Word for word, transcribe the lines below and drop the pictures.

Information supplied:
────────────────────────────────────────

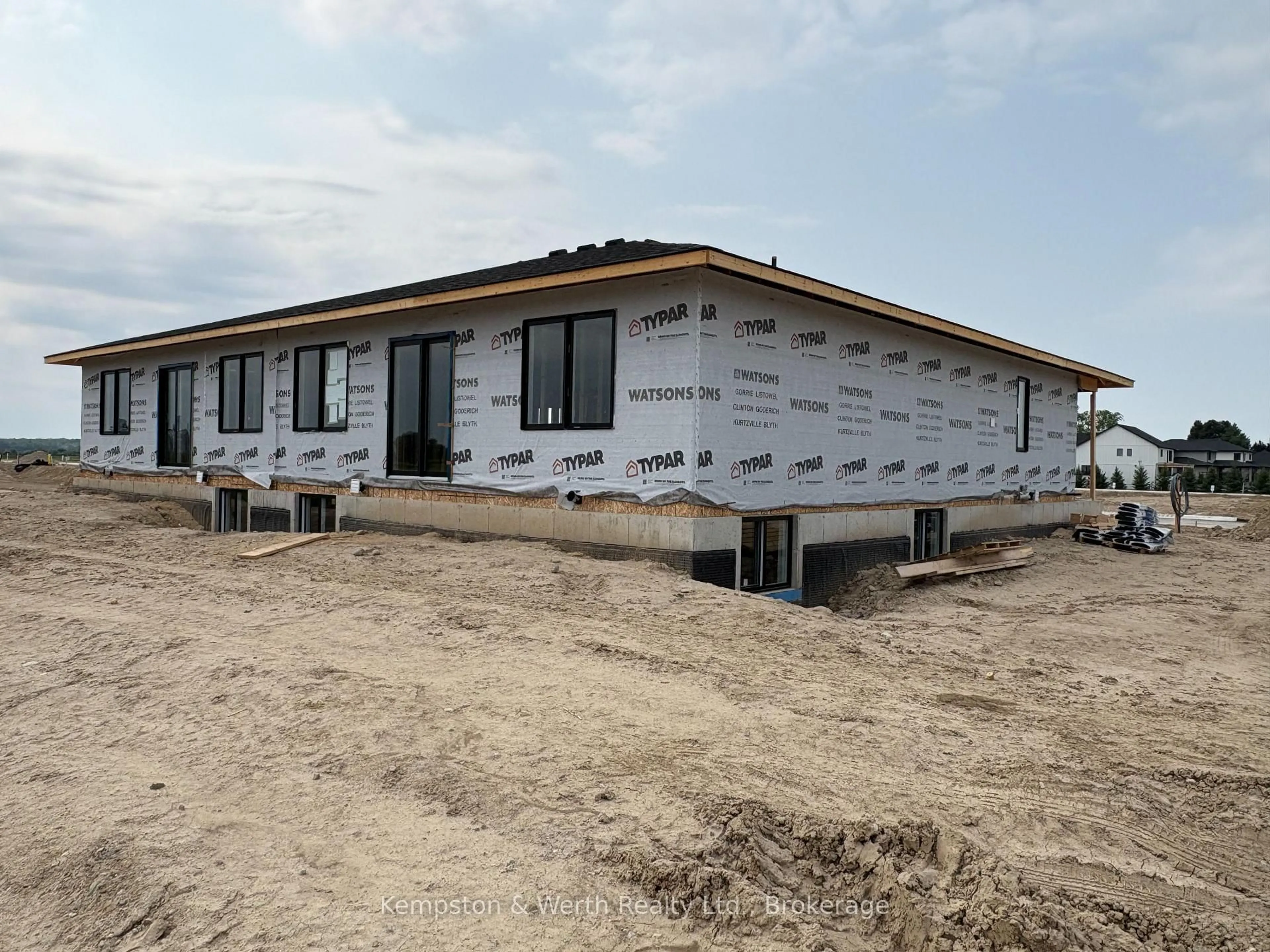 Home with vinyl exterior material, building for 379 Featherstone St, North Perth Ontario N4W 2C4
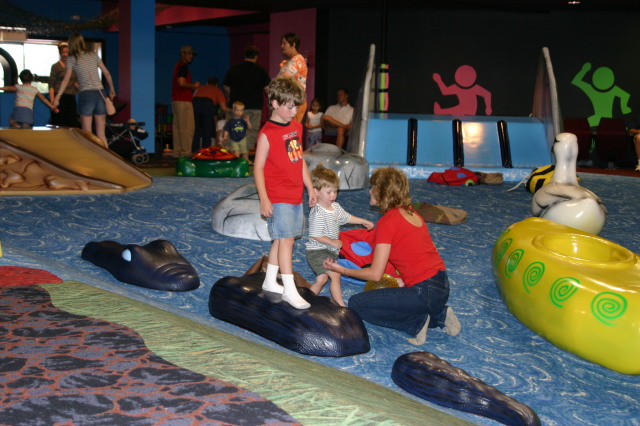 2005/05(May)/Jackson-4th-bday/640x480_2005-05-22-Jackson-4th-bday-24-Kim-Brendan-Aaron.JPG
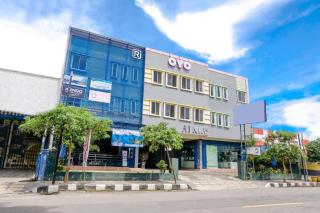 OYO 2966 Hotel Atriaz - Tulungagung - 9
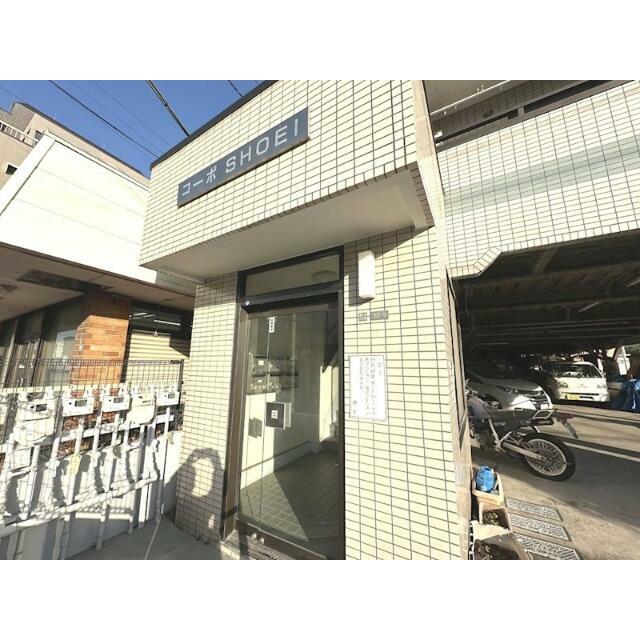 重厚な雰囲気のエントランス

────────────────────────────────────────

Answer section:
 Home with vinyl exterior material, building for 379 Featherstone St, North Perth Ontario N4W 2C4
 2005/05(May)/Jackson-4th-bday/640x480_2005-05-22-Jackson-4th-bday-24-Kim-Brendan-Aaron.JPG
 OYO 2966 Hotel Atriaz - Tulungagung - 9
 重厚な雰囲気のエントランス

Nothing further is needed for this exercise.